I also argue that tort law, the traditional legal mechanism for internalizing externalities, is not as effective in the shadow-banking context. To win a tort lawsuit, injured third parties normally must show their harm to be a causal and foreseeable consequence of the firm’s actions. Third parties injured by systemic harm caused by the firm’s actions would be unlikely to be able to show that, however. Systemic harm can affect a wide range of third parties in unpredictable ways, such as an individual who is forced to close her family-owned restaurant during a systemically caused recession. Nor is it likely that changing the causation-and-foreseeability standard to enable third parties to win those lawsuits would be an efficient solution.

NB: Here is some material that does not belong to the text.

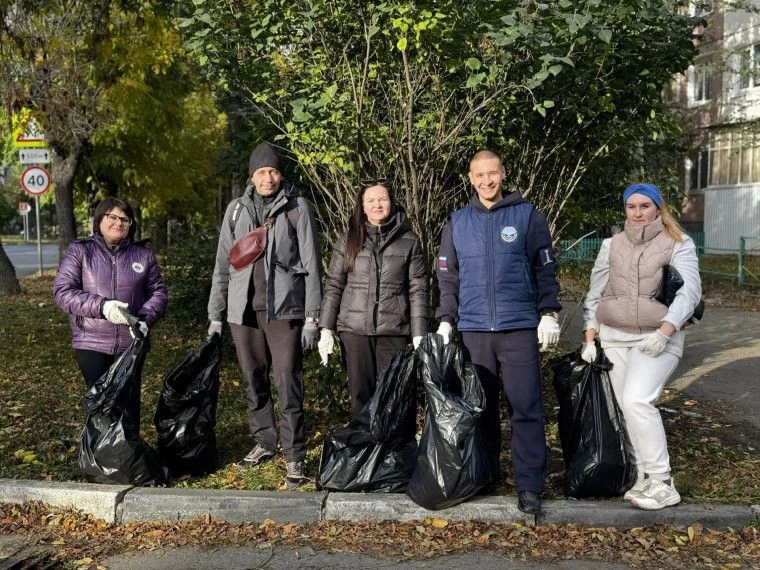 В ходе городской санитарной пятницы вывезли 360 кубометров мусора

At the very least, courts would face a line-drawing problem and would be forced to make complicated decisions as to what systemic externalities should (or should not) be considered compensable.

Finally, I examine whether and how limited liability should be redesigned, taking into account the traditional justifications for limited liability. Among other things, I argue that any such redesign should ensure that any given investor’s liability would be independent of the liability of other investors. Such an independent-liability redesign might, for example, include double liability. He also argues that imposing additional liability only on investor-managers—and perhaps only on investor-managers with the power to “control” the firm—should be more consistent with the traditional fairness justification.

Regardless of how limited liability is redesigned, it still faces the dilemma that investor-managers would have relatively little incentive to monitor and guard against their firm’s potential to trigger systemic risk if tort law bars third parties injured by systemic harm from recovering damages therefor. A possible solution to this dilemma would be to couple any increase in limited liability with a privatized systemic risk fund—which would be used to mitigate systemic harm—into which systemically risky shadow-banking firms would be required to contribute. Privatizing the funding would help to reduce a shadow-banking firm’s incentive to create systemic externalities by engaging in financially risky activities; indeed, the likelihood that firms will have to make additional contributions to the fund to replenish bailout monies should motivate them to monitor each other and help control each other’s risky behavior. Making investor-managers personally liable for all or a portion of their firm’s insufficient capital to make initial or additional fund contributions would likewise motivate them to monitor and help control their firm’s systemically risky behavior.